Thanks to reader Alex for sending me a detailed article on how one IT system administrator used the five whys to solve a network connectivity problem. 

At 3:30 in the morning of January 10th, 2008, a shrill chirping woke up our system administrator, Michael Gorsuch, asleep at home in Brooklyn. It was a text message from Nagios, our network monitoring software, warning him that something was wrong. Michael logged onto his computer in the other room and discovered that one of the three data centers he runs, in downtown Manhattan, was unreachable from the Internet.

After a couple more occurences the culprit was identified.

The problem was something with the network switch. Michael temporarily took the switch out of the loop, connecting our router directly to Peer 1's router, and lo and behold, we were back on the Internet.  Michael spent some time doing a post-mortem, and discovered that the problem was a simple configuration problem on the switch. The switch that failed had been set to autonegotiate. This usually works, but not always, and on the morning of January 10th, it didn't.

After this experience he got to thinking about "uptime" in general, and the problems of outlier events.. 
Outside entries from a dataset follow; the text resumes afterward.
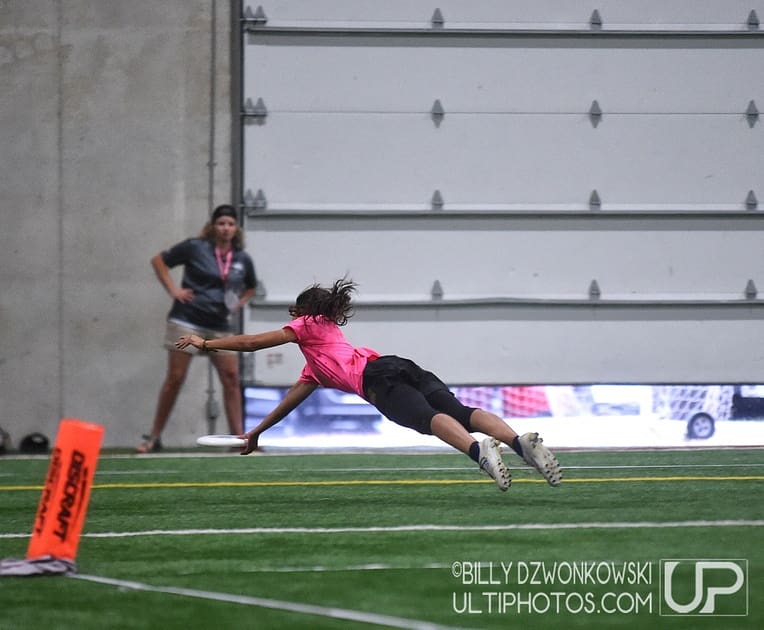 UltiPhotos's tweet image. A little close up of the @SportsCenter Top 10 grab by @UltimateRevo's Laura Ospina 😱

Taken by @BDPhotography01 &amp;amp; @LeclairePhoto! 📷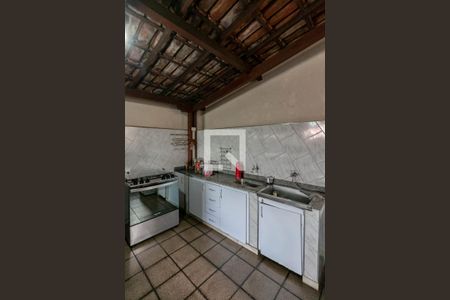 Casa à venda com 360m², 5 quartos e 2 vagasCozinha e Área de Serviço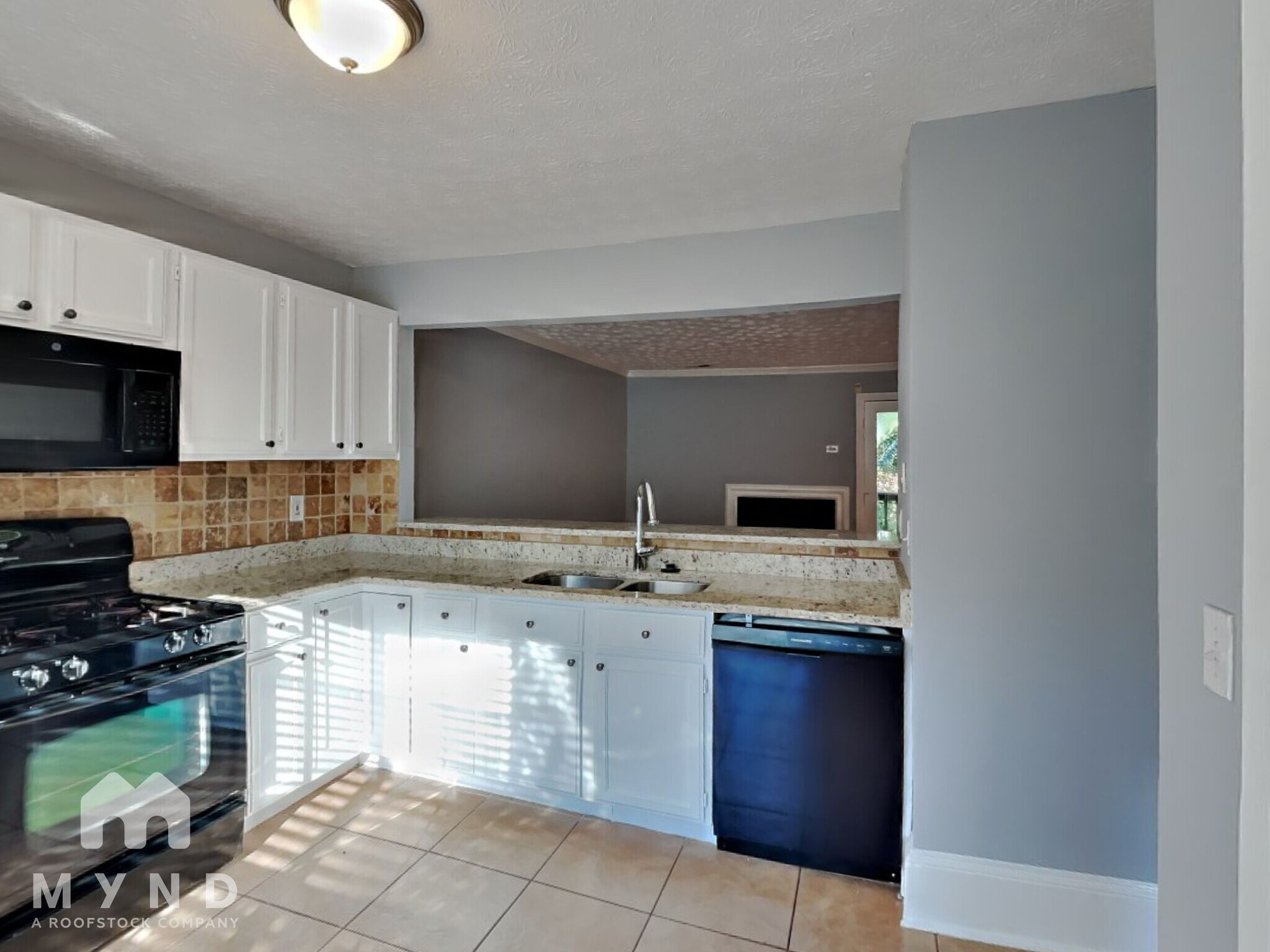 Building Photo - 3588 Kennesaw Station Dr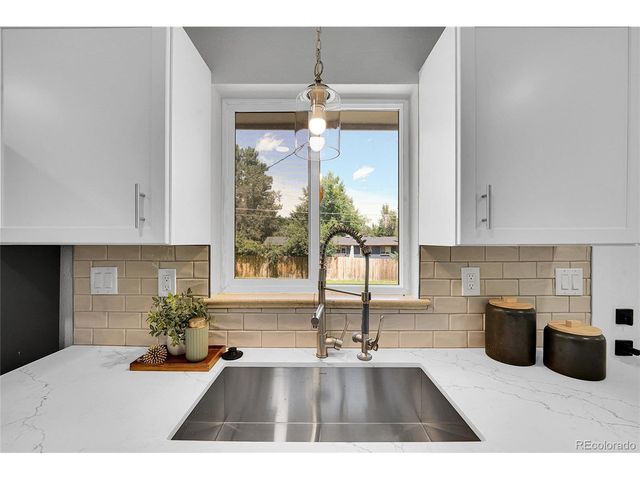 7625 W 23rd Pl, Lakewood, CO 80214
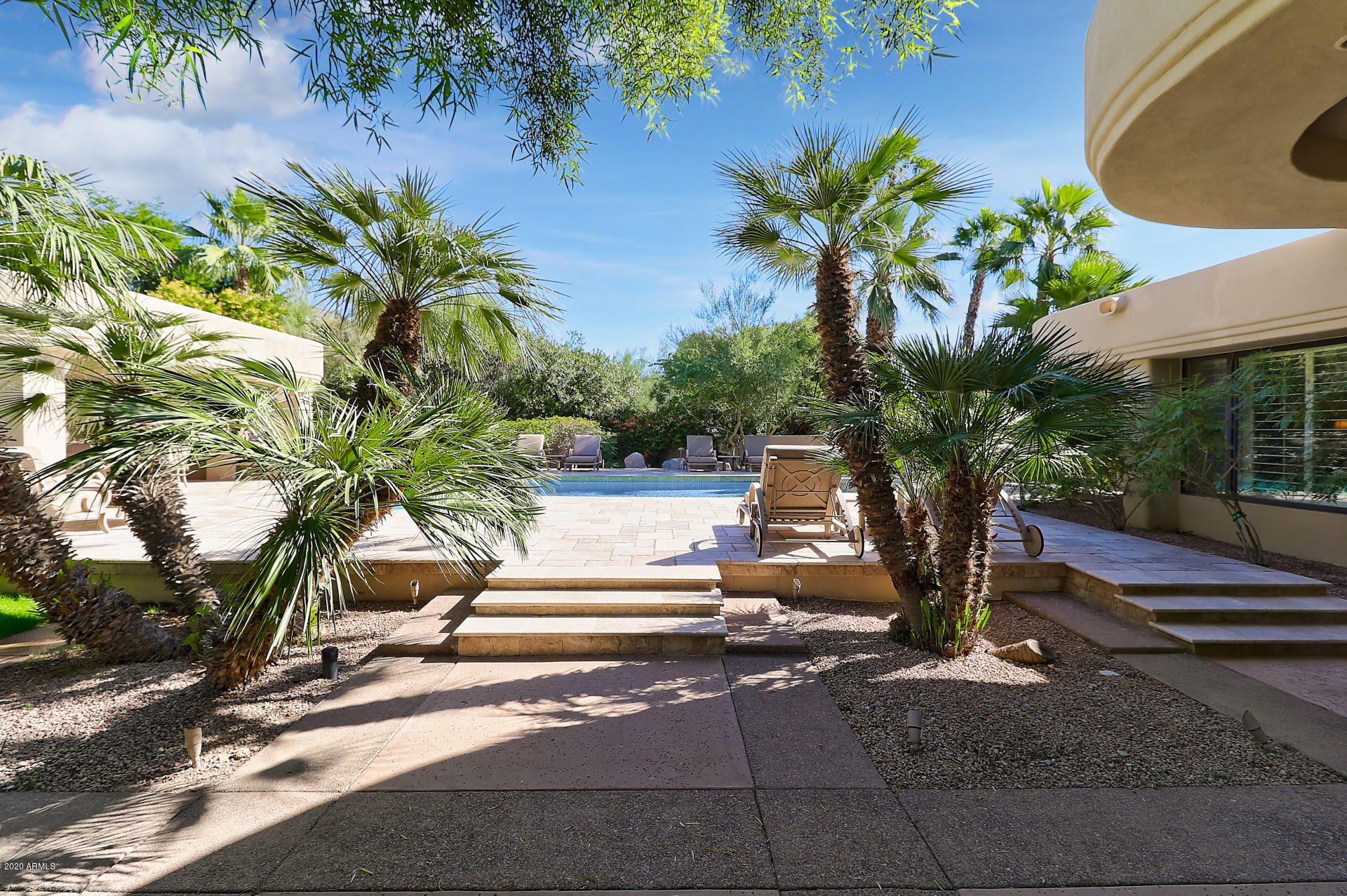 WHISPERING HILLS - Residential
Internet providers like Peer 1 like to guarantee the uptime of their services in terms of a Service Level Agreement, otherwise known as an SLA. A typical SLA might state something like "99.99% uptime." When you do the math, let's see, there are 525,949 minutes in a year, so that allows them 52.59 minutes of downtime per year. If they have any more downtime than that, the SLA usually provides for some kind of penalty.

Keeping internet services online suffers from the problem of black swans. Nassim Taleb, who invented the term, defines it thus: "A black swan is an outlier, an event that lies beyond the realm of normal expectations." Almost all internet outages are unexpected unexpecteds: extremely low-probability outlying surprises. They're the kind of things that happen so rarely it doesn't even make sense to use normal statistical methods like "mean time between failure."

There must be a better way to deal with such events... and he discovered the five whys.

Somewhere between the "extremely unreliable" level of service, where it feels like stupid outages occur again and again and again, and the "extremely reliable" level of service, where you spend millions and millions of dollars getting an extra minute of uptime a year, there's a sweet spot, where all the expected unexpecteds have been taken care of.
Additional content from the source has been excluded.